== What to produce ==
Write out the data exactly as given, dropping every picture.

== Material provided ==

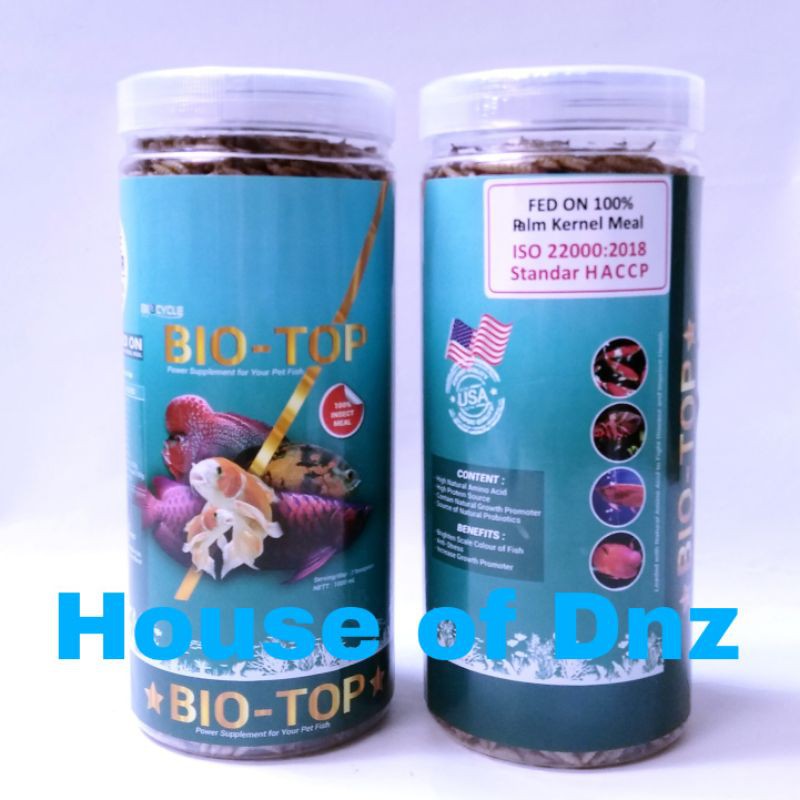 Bio Top Larva Kering Makanan Ikan Arwana Koi Louhan Pakan Oscar Biotop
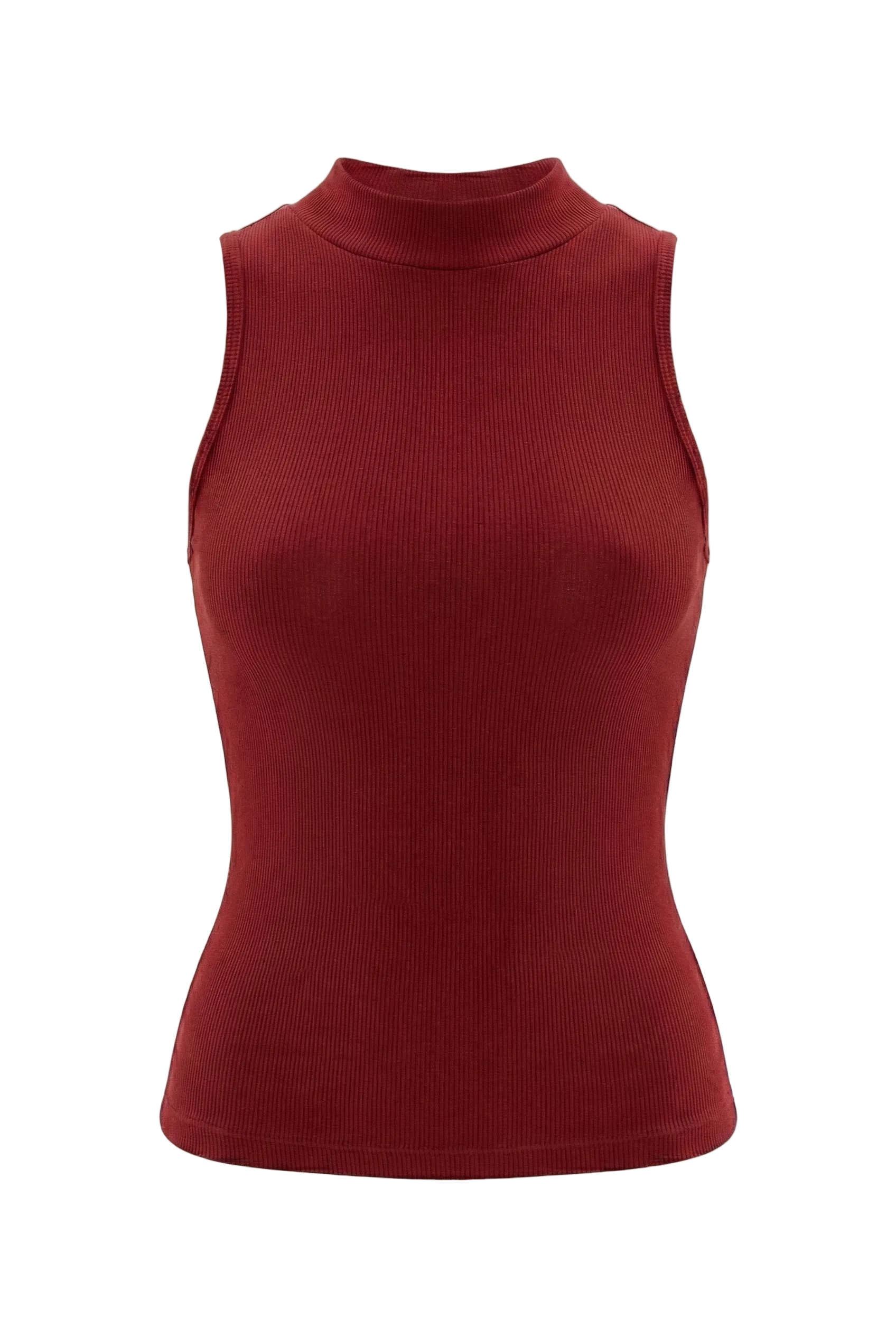 Kadın Dikişsiz Örme Fitilli Kolsuz Boğazlı Bluz 9007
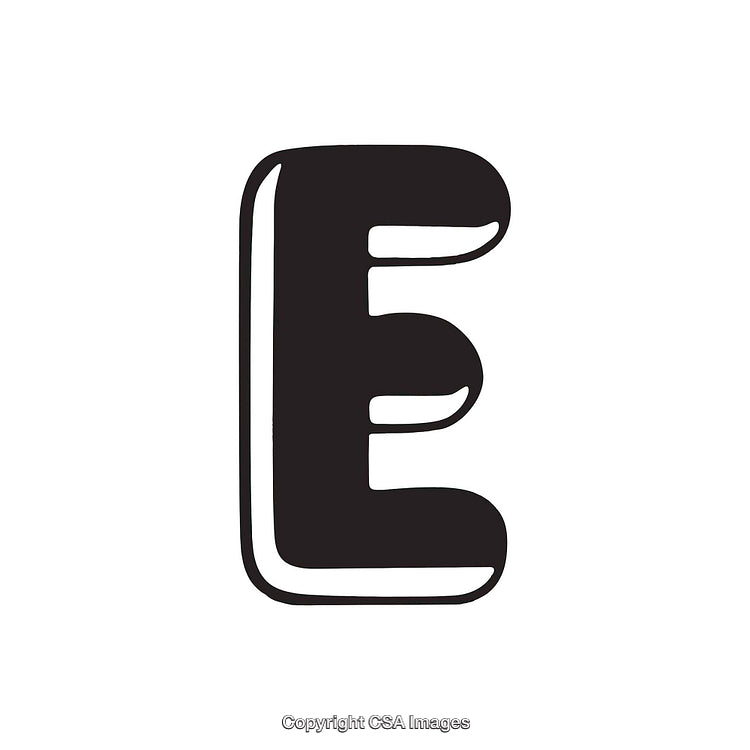Black And White Stylized Letter E Design Illustration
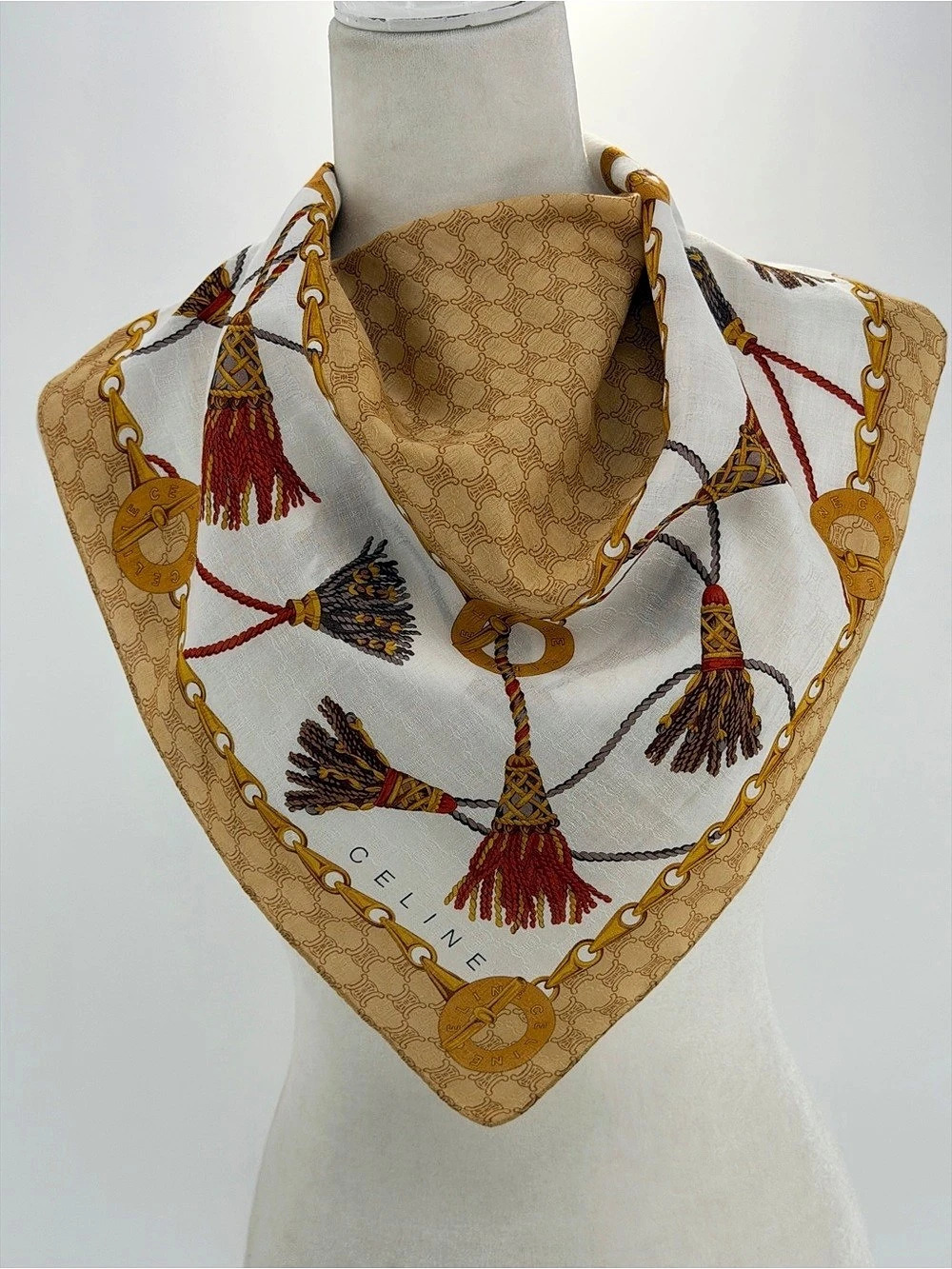 Celine Vintage Multicolor Tassel Chain Monogram Handkerchief Silk Scarf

== Answer space ==
 Bio Top Larva Kering Makanan Ikan Arwana Koi Louhan Pakan Oscar Biotop
 Kadın Dikişsiz Örme Fitilli Kolsuz Boğazlı Bluz 9007
Black And White Stylized Letter E Design Illustration
 Celine Vintage Multicolor Tassel Chain Monogram Handkerchief Silk Scarf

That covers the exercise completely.